NASA Administrator Charles Bolden expressed plans to utilize NASA programs for foreign diplomacy. The remarks made in an Al-Jazeera interview aired on June 30 resulted in a national debate as to the proper uses of NASA.

White House spokesman Nick Shapiro confirmed that President Barack Obama “wants NASA to engage with the world's best scientists and engineers as we work together to push the boundaries of exploration”.

Obama’s extension is not limited to the Muslim world, according to Shapiro, but refers to the collaboration of countries from various continents.



July 16th

Why? why? why? why? why? Why keep on saying islam contributions to science?
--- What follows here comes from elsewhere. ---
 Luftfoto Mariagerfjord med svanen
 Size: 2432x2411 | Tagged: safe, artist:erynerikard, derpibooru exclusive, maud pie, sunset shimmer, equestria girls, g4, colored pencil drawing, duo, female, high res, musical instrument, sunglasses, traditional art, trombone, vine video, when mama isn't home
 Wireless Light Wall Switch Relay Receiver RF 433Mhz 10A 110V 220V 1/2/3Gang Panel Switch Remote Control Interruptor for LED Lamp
Christianity, buddhism, hinduism, etc. never ever claim religion did this and that. Rubbish!


July 14th

Religion was relative to science in times (and places) where it controlled what thoughts people were allowed to do and what areas of the world they were allowed to explore. In the modern world we are working towards a place where religion is not used as a barrier to the seeking of knowledge. As a way of promoting knowledge... I don't know why it would be necessary. A person who turns to science because his religion tells him to doesn't strike me as the ultimate example of an upstanding scientist. Do you need God to order you to in order to seek knowledge? That seems a pretty shallow reasoning to me. I like that NASA is reaching out to other countries... but before space exploration, shouldn't living conditions in those countries be the first priority? Women's rights? Etc...

Nader Alacozy

July 14th

Yah, Kamran is right about that. Religion is relevant. If you think about the works by Galileo and other scientists that were suppressed because they were deemed blasphemous by the church, you will see the huge impact on the culture and growth of this sort of scientific knowledge during those times. However, I agree that it doesn't play as big a role in today's achievements as some of us would like.

Kamran Haikal

July 13th

Perhaps we should all pay some more attention to the tenets of Islam, and how important knowledge is within it. Islam considers seeking knowledge an obligation on every Muslim, and without this motivation from a higher being, Avicenna, Khwarizmi, Khayyaam, Batuta, Khaldun, to name a few, wouldn't have changed the world the way they did. After all, what they were doing was for God wasn't it? Religion is VERY relevant, on the contrary.

Fred Thompson

July 13th

The Muslims were not the leaders in scientific fields, Islam didn't give the world algebra. Individuals did. Their religions are irrelevant.